In this article, I examine the difference between lawful rule and arbitrary rule as portrayed in the works of these famous dramatists, most notably in the Oresteia, which depicts the origin of lawful rule, and Richard III, which shows its collapse. In the Oresteia, the forces of vengeance and brutality are compelled to submit to the rule of words and persuasion; in Richard III, by contrast, the villain corrupts the world of words, denying the reality of justice and conscience, and attempting to substitute his mere will for the judgment of reason. This is ultimately futile, so Richard is eventually defeated, but his efforts demonstrate how the tyrant is a kind of solipsist, who tries to make the world obey his commands.
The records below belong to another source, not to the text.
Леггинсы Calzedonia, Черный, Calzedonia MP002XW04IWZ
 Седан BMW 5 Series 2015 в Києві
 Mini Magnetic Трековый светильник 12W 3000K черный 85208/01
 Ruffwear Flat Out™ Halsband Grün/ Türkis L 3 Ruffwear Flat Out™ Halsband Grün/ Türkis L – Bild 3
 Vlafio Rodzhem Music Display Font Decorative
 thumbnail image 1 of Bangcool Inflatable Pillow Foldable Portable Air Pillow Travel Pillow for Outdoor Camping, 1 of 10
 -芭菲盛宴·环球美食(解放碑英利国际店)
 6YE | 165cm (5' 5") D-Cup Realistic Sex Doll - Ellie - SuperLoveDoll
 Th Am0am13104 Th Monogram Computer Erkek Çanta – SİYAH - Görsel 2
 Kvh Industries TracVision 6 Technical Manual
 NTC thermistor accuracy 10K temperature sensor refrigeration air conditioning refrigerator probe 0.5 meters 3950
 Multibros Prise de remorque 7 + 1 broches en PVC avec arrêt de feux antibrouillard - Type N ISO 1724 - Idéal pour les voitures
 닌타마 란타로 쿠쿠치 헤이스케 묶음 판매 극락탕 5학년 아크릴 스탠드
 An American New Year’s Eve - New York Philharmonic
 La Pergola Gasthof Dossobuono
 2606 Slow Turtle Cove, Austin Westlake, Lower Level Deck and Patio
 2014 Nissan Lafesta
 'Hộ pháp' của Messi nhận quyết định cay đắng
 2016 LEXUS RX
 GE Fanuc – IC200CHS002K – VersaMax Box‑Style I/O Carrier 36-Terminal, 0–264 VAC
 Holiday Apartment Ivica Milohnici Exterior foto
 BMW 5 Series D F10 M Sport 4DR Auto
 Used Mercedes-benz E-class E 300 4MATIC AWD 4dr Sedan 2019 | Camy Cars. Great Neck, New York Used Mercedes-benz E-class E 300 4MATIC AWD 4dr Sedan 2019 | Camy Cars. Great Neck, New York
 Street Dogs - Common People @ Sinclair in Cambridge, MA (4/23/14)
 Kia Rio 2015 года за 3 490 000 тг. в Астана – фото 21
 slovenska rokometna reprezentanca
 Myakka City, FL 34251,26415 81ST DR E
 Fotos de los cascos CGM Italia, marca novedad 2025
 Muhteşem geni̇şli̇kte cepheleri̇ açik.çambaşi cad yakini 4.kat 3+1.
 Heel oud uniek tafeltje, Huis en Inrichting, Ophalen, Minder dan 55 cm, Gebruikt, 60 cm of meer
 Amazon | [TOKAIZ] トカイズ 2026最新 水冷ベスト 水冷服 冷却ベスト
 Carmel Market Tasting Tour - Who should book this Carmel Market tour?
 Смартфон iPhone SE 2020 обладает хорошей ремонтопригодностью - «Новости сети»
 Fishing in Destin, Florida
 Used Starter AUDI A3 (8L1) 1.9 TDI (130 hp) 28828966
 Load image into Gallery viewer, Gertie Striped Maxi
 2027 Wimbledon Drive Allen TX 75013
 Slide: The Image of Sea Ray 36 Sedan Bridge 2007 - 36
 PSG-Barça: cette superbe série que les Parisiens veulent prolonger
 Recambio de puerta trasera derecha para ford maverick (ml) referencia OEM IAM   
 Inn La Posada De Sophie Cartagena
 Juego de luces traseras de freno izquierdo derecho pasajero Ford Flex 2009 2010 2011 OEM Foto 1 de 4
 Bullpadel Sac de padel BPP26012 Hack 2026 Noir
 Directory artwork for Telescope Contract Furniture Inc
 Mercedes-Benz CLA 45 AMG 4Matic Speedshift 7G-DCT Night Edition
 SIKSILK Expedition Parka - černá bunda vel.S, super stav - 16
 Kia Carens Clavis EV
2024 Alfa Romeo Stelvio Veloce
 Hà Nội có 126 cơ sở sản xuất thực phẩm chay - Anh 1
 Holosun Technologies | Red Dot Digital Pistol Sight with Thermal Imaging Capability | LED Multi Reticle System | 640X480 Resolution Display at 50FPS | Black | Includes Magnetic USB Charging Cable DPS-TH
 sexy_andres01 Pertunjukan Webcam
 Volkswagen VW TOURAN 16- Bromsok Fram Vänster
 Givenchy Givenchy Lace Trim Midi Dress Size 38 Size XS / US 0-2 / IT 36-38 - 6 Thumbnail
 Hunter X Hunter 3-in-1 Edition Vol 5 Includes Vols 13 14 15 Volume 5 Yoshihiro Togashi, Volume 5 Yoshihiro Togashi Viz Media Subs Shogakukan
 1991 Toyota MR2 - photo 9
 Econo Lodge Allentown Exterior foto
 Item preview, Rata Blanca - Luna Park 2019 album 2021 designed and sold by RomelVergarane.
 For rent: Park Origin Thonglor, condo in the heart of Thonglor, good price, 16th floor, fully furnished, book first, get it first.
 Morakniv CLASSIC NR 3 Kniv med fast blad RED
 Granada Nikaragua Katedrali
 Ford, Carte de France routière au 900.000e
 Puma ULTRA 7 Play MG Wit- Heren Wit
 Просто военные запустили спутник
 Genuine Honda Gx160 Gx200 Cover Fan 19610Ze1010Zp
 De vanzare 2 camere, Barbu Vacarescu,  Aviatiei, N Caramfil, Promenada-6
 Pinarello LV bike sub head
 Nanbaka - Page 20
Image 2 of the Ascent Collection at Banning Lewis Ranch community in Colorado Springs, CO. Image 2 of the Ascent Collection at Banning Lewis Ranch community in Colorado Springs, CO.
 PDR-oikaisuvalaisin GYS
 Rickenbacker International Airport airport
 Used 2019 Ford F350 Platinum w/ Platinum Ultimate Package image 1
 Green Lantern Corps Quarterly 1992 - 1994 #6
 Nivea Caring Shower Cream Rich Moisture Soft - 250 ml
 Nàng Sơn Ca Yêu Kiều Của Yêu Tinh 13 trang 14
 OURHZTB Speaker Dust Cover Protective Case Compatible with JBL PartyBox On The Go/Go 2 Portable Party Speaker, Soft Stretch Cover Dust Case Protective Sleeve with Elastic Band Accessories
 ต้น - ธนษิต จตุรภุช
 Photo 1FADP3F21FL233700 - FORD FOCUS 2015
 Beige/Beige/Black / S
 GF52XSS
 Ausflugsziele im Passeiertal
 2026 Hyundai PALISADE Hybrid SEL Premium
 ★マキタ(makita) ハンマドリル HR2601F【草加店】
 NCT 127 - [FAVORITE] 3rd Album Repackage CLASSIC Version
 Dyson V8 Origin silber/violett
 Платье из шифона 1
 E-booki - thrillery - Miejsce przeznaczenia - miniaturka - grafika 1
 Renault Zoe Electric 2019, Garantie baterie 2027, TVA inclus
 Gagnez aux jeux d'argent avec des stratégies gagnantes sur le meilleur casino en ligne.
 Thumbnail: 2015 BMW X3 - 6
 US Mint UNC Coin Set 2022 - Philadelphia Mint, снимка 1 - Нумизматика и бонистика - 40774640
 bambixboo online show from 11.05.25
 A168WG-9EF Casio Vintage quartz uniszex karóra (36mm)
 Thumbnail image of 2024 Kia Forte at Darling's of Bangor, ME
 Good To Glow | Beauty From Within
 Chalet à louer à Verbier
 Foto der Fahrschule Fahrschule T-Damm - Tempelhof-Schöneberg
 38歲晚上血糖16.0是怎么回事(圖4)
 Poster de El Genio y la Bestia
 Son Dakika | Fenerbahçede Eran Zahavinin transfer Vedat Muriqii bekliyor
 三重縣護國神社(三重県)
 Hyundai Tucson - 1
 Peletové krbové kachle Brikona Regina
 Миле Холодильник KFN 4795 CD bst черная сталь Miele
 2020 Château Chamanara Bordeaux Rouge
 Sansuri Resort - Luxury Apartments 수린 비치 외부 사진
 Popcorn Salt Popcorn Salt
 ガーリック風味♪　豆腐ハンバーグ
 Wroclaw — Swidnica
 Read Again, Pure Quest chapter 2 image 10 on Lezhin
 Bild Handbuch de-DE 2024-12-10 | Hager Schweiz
This theme is reflected in several other of Shakespeare's works. In short, lawful rule is like love, a willing participation in a genuine union; while tyranny is like rape: compelling the victim to mimic the acts of love. But the tyrant cannot eventually succeed because the difference between rape and love, or between lawful rule and tyranny, is not some socially constructed myth. It is the product of the inalienability of the individual personality.
Meanwhile, in the Antigones of Sophocles and Anouilh, we see how the civil disobedient is the lone spokesman (or rather, spokeswoman) for reality, who refuses to participate in the ruler's preferred fiction. Yet Anouilh's version of the myth, informed by the rise of totalitarianism, reflects a very different notion of the possibility of vindicating justice.